Context free grammar is made of two parts, an alphabet which is the symbols the language is made out of, and a grammar which specifies how they can be combined;

Context free grammar is typically defined recursively in a notation such as a Backus-Naur form (BNF). BNF is a family of notations with different extensions. BNF defines a symbol in terms of one or more replacement rules separated by |s. A rule consists of symbols and terminators, and specifies what the symbol on the left can be replaced by. A terminator is a string that represents its value - terminates the recursive definition

Example

<digit> ::= '0' | '1' | '2' | '3' | '4' | '5' | '6' | '7' | '8' | '9'
<number> ::= <number> | <digit> <number>
<add-expression> ::= <expression> + <expression>
<subtract-expression> ::= <expression> - <expression>
<expression> ::= <number> | <add-expression> | <subtract-expression>

In this example a digit is defined as any terminal character from 0-9. A number is defined recursively as a number followed by a digit.

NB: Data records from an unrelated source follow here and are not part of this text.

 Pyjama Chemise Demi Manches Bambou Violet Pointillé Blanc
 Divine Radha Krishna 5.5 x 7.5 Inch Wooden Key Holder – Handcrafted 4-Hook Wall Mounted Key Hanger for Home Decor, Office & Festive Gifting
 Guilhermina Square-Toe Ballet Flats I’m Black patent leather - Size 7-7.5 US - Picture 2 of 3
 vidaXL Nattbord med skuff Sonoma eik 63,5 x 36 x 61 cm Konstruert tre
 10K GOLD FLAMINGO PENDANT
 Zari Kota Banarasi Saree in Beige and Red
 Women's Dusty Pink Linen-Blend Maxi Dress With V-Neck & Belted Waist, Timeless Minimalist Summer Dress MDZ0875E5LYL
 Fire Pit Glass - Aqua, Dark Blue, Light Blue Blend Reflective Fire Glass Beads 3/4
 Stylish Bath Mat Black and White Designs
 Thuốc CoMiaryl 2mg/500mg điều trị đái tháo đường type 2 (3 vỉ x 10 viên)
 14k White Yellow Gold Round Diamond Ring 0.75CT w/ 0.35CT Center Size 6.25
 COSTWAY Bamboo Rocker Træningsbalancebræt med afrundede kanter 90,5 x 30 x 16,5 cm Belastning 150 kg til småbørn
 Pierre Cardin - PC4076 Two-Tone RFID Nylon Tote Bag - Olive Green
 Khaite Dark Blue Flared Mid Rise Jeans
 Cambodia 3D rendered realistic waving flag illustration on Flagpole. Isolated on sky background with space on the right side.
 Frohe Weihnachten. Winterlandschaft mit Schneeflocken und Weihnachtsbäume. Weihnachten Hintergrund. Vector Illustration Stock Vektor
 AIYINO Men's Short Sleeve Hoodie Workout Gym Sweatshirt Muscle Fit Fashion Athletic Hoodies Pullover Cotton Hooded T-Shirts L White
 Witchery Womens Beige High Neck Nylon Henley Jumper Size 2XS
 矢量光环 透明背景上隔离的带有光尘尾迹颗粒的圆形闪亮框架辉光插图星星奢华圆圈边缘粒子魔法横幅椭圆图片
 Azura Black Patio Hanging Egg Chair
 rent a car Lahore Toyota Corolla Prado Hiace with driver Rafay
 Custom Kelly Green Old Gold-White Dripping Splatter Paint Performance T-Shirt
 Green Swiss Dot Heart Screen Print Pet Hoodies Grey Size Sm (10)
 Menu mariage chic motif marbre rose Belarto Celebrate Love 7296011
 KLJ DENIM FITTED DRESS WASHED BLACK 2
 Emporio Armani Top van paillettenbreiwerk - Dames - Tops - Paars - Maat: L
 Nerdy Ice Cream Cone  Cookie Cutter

Expression, add-expression, and subtract-expression are mutually recursive. We define two specific kinds of expressions - add and subtract. These can join any expression.

To make a number symbol we can substitute it by anything on the right hand side, for example a digit

1

We could also substitute it by the second option on the right hand side

1 <number>

But we haven't finished because we still have an unexpanded symbol. We can replace it again

13<number>

And now use the base case of <number> to <digit> to terminate

134

The recursive definition for number allows us to create a number with any number of digits.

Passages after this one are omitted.